**The task**
Omit the pictures. Transcribe exactly the lines below, from the one with "Alaska Wild Harvested" up to and including the last.
--- Data segment ---
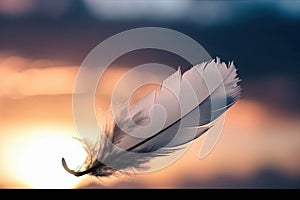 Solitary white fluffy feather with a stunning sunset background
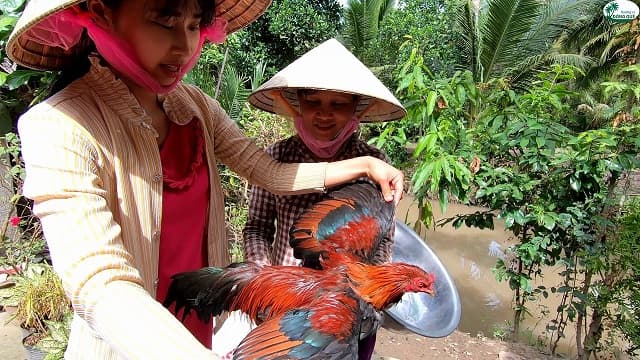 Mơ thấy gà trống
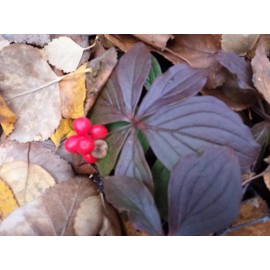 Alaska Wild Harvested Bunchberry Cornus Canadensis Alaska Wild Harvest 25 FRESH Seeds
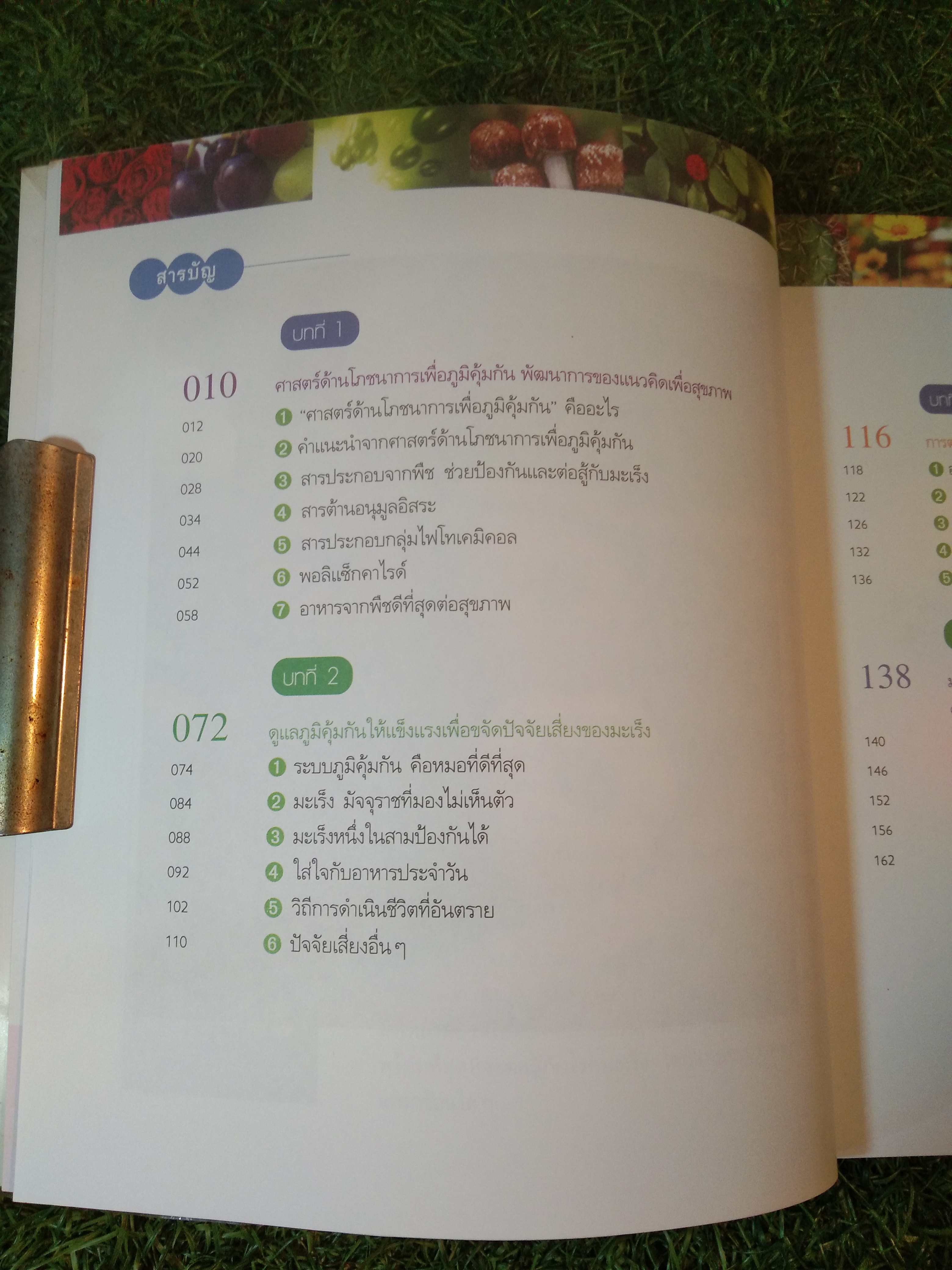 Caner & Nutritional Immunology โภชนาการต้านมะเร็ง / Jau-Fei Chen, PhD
---
**Result for this exercise**
 Alaska Wild Harvested Bunchberry Cornus Canadensis Alaska Wild Harvest 25 FRESH Seeds
 Caner & Nutritional Immunology โภชนาการต้านมะเร็ง / Jau-Fei Chen, PhD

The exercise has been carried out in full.